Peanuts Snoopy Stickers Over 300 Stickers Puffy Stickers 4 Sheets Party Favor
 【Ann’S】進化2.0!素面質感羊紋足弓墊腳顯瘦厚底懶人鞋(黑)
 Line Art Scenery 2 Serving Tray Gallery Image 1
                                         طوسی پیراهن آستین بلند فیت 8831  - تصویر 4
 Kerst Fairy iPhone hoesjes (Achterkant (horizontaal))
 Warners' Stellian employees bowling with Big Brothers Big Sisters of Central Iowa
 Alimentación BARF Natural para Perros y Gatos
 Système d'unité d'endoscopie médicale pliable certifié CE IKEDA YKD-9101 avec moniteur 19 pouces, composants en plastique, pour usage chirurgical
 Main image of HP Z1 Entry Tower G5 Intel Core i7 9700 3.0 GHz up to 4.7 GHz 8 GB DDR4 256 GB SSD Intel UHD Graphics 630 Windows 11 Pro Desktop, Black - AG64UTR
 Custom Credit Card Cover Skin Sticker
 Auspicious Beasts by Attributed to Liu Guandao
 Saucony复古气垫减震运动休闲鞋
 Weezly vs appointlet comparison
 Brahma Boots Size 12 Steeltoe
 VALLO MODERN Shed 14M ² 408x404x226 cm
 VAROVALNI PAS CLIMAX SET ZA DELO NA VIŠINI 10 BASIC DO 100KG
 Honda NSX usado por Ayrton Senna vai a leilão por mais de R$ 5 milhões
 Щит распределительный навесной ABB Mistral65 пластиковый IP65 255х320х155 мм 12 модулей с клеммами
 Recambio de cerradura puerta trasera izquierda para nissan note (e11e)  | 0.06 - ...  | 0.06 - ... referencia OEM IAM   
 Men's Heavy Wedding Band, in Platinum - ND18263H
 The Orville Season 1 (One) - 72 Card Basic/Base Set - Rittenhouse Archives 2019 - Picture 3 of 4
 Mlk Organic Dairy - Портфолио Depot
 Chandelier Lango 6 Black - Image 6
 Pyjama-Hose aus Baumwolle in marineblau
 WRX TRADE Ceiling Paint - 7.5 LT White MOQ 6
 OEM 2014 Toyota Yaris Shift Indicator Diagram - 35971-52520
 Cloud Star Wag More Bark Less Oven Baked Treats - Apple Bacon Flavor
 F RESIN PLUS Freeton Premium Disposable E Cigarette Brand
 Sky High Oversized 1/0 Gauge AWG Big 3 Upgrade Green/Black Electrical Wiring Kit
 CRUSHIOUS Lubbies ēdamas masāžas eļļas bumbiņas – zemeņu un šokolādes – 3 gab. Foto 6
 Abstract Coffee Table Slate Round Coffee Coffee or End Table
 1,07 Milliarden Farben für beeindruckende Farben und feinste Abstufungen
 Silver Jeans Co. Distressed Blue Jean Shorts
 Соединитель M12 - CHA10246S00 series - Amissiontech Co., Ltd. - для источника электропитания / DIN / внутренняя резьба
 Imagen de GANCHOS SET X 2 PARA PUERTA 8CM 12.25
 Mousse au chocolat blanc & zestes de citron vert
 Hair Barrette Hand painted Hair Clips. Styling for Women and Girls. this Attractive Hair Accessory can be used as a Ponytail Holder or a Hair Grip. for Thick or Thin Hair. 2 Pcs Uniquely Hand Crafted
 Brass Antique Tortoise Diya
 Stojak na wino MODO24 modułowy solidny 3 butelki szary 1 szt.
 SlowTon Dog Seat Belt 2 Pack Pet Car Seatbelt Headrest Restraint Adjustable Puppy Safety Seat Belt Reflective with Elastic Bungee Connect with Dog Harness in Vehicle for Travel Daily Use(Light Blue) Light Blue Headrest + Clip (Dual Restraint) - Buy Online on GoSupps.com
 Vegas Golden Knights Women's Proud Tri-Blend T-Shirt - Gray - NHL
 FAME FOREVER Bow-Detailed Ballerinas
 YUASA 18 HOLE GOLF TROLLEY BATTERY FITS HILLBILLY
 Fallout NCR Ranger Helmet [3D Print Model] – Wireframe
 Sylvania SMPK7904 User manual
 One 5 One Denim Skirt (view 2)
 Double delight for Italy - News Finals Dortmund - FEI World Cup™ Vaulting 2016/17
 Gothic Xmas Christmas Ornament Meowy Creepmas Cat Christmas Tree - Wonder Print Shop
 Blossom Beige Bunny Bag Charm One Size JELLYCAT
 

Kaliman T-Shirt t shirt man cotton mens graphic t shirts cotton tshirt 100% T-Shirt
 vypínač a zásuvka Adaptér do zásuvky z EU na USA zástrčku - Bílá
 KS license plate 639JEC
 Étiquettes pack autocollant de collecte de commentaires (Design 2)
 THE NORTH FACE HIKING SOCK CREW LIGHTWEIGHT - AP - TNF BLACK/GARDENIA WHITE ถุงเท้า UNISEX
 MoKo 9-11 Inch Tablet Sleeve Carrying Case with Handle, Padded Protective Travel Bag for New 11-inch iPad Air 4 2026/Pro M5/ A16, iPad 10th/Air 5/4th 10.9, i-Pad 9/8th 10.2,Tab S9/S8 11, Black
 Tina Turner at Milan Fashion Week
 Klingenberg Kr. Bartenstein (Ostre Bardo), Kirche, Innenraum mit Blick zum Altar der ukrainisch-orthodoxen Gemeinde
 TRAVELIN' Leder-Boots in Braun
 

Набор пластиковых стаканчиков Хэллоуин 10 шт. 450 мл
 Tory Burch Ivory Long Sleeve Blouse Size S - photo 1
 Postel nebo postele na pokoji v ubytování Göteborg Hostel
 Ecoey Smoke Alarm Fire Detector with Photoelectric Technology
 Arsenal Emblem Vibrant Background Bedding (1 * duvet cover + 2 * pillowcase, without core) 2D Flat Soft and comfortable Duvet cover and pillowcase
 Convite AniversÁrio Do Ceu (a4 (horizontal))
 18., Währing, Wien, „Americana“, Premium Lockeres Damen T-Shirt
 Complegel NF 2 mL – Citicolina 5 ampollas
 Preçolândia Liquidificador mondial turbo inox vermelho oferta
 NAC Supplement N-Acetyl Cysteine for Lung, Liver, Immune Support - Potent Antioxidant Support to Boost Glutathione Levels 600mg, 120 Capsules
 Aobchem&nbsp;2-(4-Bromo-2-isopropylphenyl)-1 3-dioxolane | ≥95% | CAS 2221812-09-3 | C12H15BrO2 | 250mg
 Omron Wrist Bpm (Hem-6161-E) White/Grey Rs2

Brief:
Using the records above, restate word for word the lines from the one with "1,07 Milliarden Farben für" through the one with "Соединитель M12 - CHA10246S00", both included.

Response:
 1,07 Milliarden Farben für beeindruckende Farben und feinste Abstufungen
 Silver Jeans Co. Distressed Blue Jean Shorts
 Соединитель M12 - CHA10246S00 series - Amissiontech Co., Ltd. - для источника электропитания / DIN / внутренняя резьба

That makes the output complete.